The show is one of at least three new Alaska-based reality shows premiering this month on cable. Discovery Channel’s “Great Bear Stakeout” debuts at 8 p.m. Sunday, followed by the first episode of “Life Below Zero” at 9 p.m. on May 19 on National Geographic.

“Ultimate Survival Alaska” follows the recent shift in these gravel-voiced Last Frontier series from TV shows about dangerous jobs (“Deadliest Catch,” “Ice Road Truckers”) to survival-themed shows such as “Yukon Men” that feature people living and traveling in remote, roadless Alaska.

“Life Below Zero,” for example, follows the hardscrabble lives of families living in Noorvik and elsewhere above the Arctic Circle, according to National Geographic.

“Alaska breeds a resilient, self reliant sort of individual who, outside of Alaska, everyone fantasizes about being,” said Alan Eyres, senior vice president of programming and development for the cable network.

In “Ultimate Survival Alaska,” cast members travel 3,000 miles in a 10-stage expedition that begins in the Brooks Range and traces 200 miles of the Yukon River before heading to the Juneau ice cap. No GPS units, cell phones, watches or tents allowed.

“For the adventure, to get paid (a little) to go the places we did was impossible to turn down,” said Brent Sass, a Eureka musher and Yukon Quest veteran who finished 22nd in this year’s Iditarod.

In some ways, filming the show was tougher than either of Alaska’s 1,000-mile sled dog races, Sass said. “It was two and a half months long and that’s a long time to live underneath a tarp and get along with people you didn’t know before getting dropped off in the wilderness with them.”

The trip is not a race, and there was no prize for arriving first at the final checkpoint, though cast members were told they must complete each leg within 72 hours or risk being sent home. The tone of the show was inspired by the 1977 National Geographic special, “Yukon Passage,” about four men on a rambling trek along the Yukon River, Eyres said.
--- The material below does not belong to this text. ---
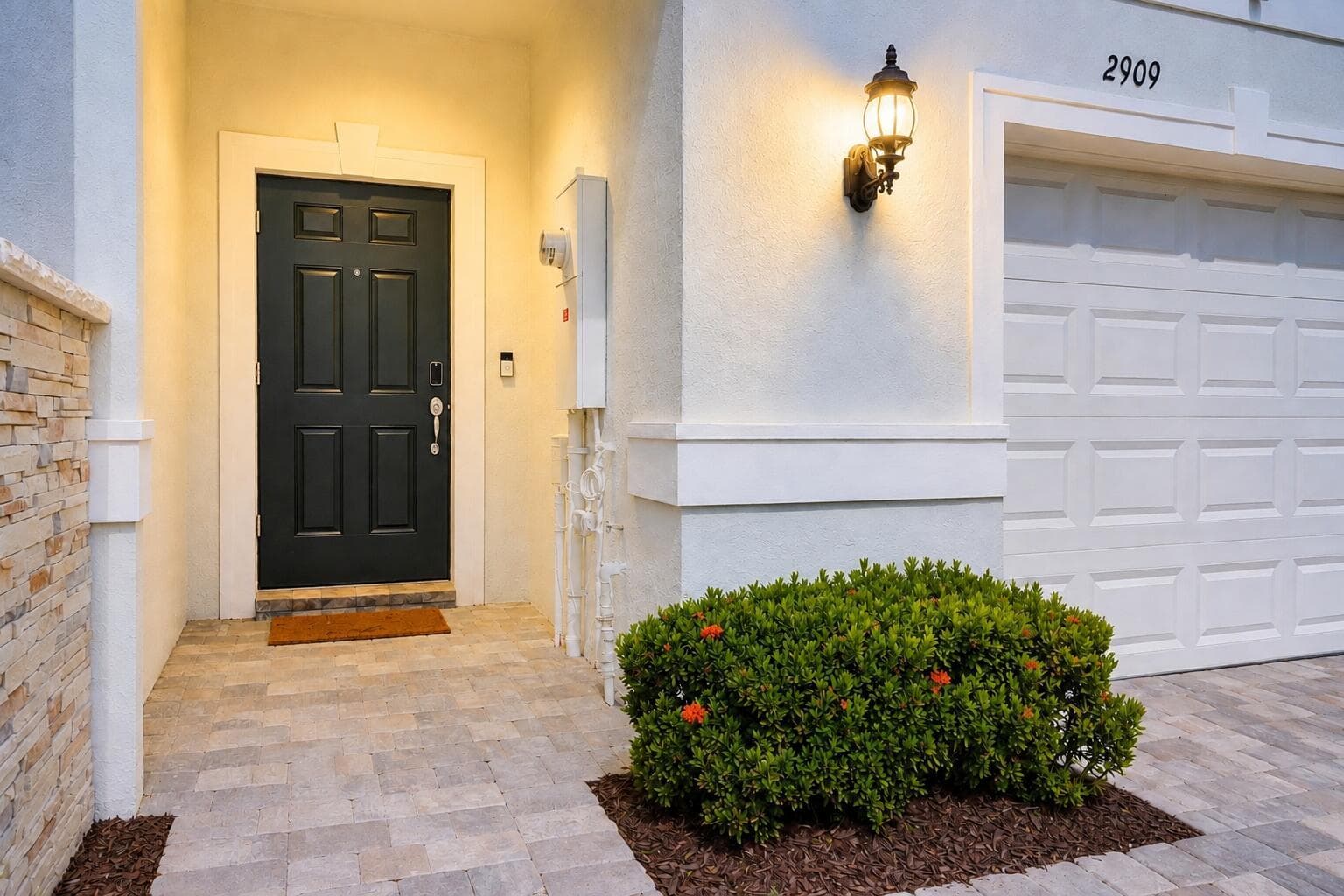 2909 OLIVIA Avenue, Lauderdale Lakes, FL 33311 photo 2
“There was something about that kind of simple spirit of adventure that we fell in love with,” he said.

The Survival cast members all live in Alaska, which made it easier to get hunting and fishing permits, according to the cable network. But Outside audiences who watch the show could be forgiven for thinking the only survival experts in Alaska are white guys with beards.

Asked why there were no women or Alaska Natives in the cast, Eyres said it wasn’t an intentional omission.

“If we do this again, that’s something that we want to correct,” he said.

Season two is in the works, he said, but not guaranteed.

Twitter updates: twitter.com/adn_kylehopkins. Call Kyle Hopkins at 257-4334 or email him at khopkins@adn.com.

Three new Alaska-based shows debut in May

‘The Great Bear Stakeout’

Discovery Channel

8 p.m. Sunday on GCI channel 56 (in Anchorage)

The pitch: “Discovery Channel invites viewers to connect with the lives, community and survival of Alaskan grizzly bears like never before.”

‘Ultimate Survival Alaska’

National Geographic Channel

9 p.m., Sunday on GCI channel 54 (in Anchorage)

The pitch: “Going head to head, eight men of a rare breed are about to take the ultimate test of survival in Arctic conditions that only National Geographic could inspire.”

‘Life Below Zero’

National Geographic Channel

9 p.m., May 19, on GCI channel 54

The pitch: “Explore the incredible lives of six Alaskans living off the land and off the grid in the country’s most vicious climate.”